-- What this task involves --
Copy out exactly the lines below that run from the one holding "Bắt sà lan khai" to the one holding "Mercedes-Benz E-Class, 2020 12", keeping both of those lines and no others.

*** Opening of Data records ***

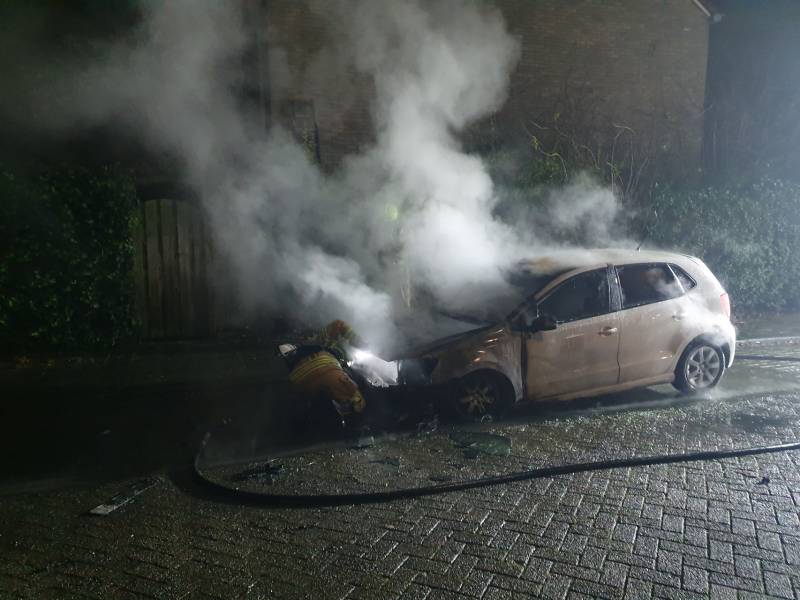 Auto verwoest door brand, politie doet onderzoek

*** Close of Data records ***
*** Opening of Data records ***

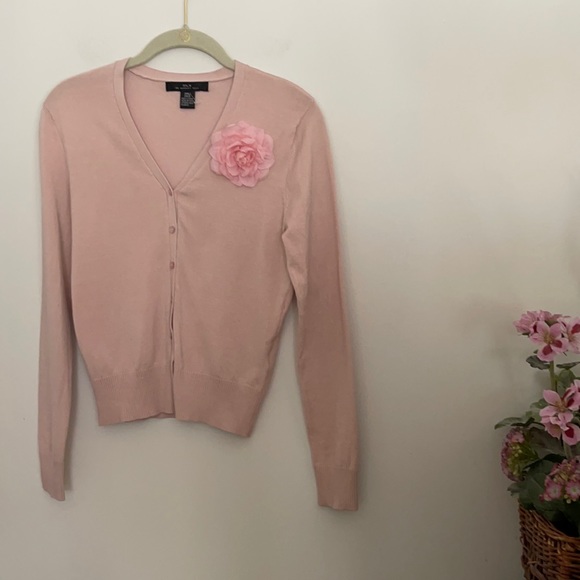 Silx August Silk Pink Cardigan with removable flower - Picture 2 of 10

*** Close of Data records ***
*** Opening of Data records ***

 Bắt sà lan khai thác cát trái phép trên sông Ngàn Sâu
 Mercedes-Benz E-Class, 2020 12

*** Close of Data records ***

-- Exercise output --
 Bắt sà lan khai thác cát trái phép trên sông Ngàn Sâu
 Mercedes-Benz E-Class, 2020 12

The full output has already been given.